[Haskell-cafe] Motion to unify all the string data types

Sat Nov 10 13:37:01 CET 2012

On Sat, Nov 10, 2012 at 4:00 AM, Johan Tibell <johan.tibell at gmail.com> wrote:
> As for type classes, I don't think we use them enough. Perhaps because
> Haskell wasn't developed as an engineering language, some good software
> engineering principles (code against an interface, not a concrete
> implementation) aren't used in out base libraries. One specific example is
> the lack of a sequence abstraction/type class, that all the string, list,
> and vector types could implement. Right now all these types try to implement
> a compatible interface (i.e. the traditional list interface), without a
> language mechanism to express that this is what they do.

I think the challenge is designing an abstraction that everyone is
comfortable with.
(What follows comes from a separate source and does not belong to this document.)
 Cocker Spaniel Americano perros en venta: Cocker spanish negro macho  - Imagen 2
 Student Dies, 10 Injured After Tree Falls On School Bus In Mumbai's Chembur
If you just make everything a class method
(ListLike), it's ugly. If you don't, how do you figure out what goes
in the class and what gets implemented on top of it? Is there any
principled reason for it, or is it just ad hoc? How do you make sure
that none of the implementations suffers a performance decrease? What
about sequential vs. random access (list vs. array) issues? Should an
interface be implemented if it's semantically reasonable, but slow? If
you treat everything as a uniform sequence, doesn't that bring back
the Unicode issues again? (And can you make it work for all of
Text/ByteString (kind *), boxed Vectors and lists (* -> *), and
unboxed vectors (* -> * with a constraint)? What about operations that
change the element type? Surely it's possible with TypeFamilies,
ConstraintKinds, and PolyKinds all available, but I'm not sure if it's
obvious. Can it go into the Prelude if it uses extensions? Should it
also support other containers, like Maps? And so on.)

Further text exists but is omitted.